SUPPLIED RECORDS =

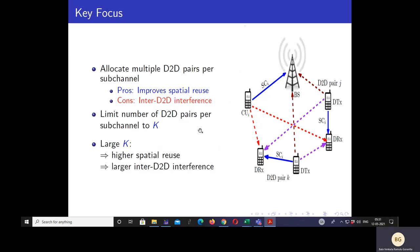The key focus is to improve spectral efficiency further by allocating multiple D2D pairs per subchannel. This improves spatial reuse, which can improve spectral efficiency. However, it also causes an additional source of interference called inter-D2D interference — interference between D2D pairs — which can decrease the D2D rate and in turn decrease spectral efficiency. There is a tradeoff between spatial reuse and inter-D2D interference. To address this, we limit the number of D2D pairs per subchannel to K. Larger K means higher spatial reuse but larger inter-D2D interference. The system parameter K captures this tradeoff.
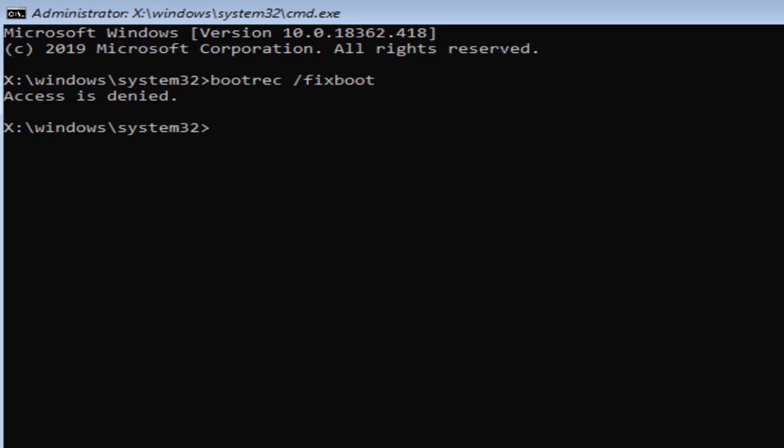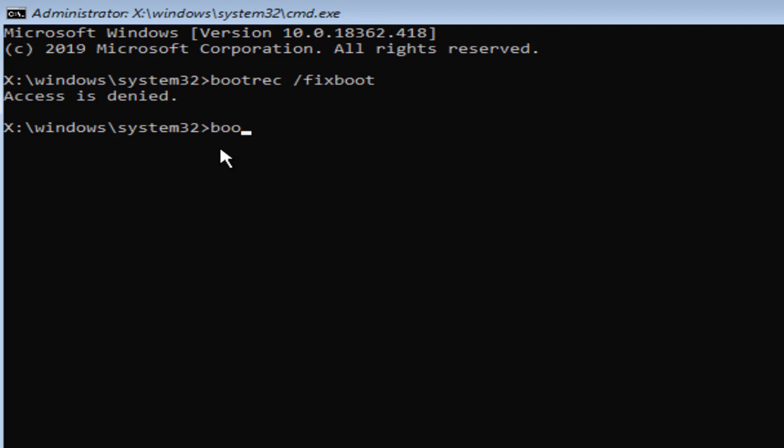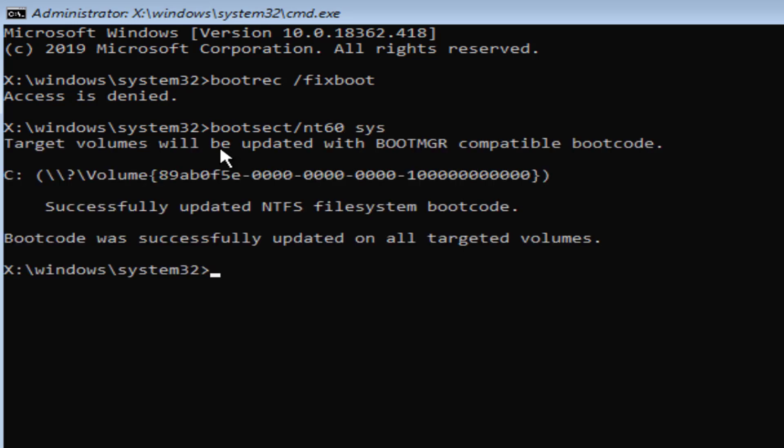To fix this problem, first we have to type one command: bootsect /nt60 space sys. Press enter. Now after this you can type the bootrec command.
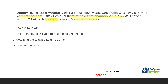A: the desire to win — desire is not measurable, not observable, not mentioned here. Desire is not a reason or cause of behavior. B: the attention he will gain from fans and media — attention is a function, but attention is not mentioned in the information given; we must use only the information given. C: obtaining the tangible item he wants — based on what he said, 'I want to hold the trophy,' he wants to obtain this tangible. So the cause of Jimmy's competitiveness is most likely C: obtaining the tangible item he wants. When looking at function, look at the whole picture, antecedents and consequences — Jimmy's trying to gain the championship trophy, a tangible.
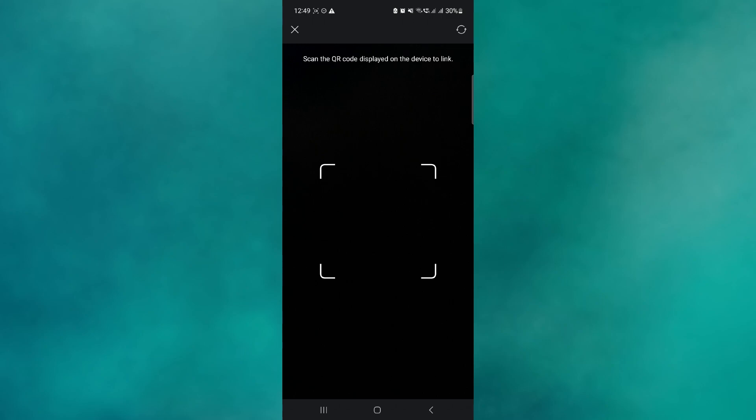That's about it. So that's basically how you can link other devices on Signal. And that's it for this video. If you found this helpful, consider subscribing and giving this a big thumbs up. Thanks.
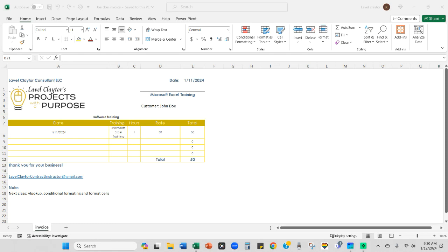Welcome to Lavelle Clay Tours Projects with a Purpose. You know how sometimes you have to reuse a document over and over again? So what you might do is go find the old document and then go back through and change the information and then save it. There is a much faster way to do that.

...

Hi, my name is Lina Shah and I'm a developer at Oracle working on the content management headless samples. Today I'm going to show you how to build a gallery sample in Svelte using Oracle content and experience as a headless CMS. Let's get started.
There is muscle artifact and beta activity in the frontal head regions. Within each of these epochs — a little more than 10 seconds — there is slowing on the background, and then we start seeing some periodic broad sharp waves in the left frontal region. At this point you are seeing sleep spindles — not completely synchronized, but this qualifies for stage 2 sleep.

EXERCISE GOAL = With pictures excluded, reproduce exactly the lines above from the one containing "A: the desire" down to the one containing "Welcome to Lavelle", those two included.

EXERCISE RESPONSE =
A: the desire to win — desire is not measurable, not observable, not mentioned here. Desire is not a reason or cause of behavior. B: the attention he will gain from fans and media — attention is a function, but attention is not mentioned in the information given; we must use only the information given. C: obtaining the tangible item he wants — based on what he said, 'I want to hold the trophy,' he wants to obtain this tangible. So the cause of Jimmy's competitiveness is most likely C: obtaining the tangible item he wants. When looking at function, look at the whole picture, antecedents and consequences — Jimmy's trying to gain the championship trophy, a tangible.
That's about it. So that's basically how you can link other devices on Signal. And that's it for this video. If you found this helpful, consider subscribing and giving this a big thumbs up. Thanks.
Welcome to Lavelle Clay Tours Projects with a Purpose. You know how sometimes you have to reuse a document over and over again? So what you might do is go find the old document and then go back through and change the information and then save it. There is a much faster way to do that.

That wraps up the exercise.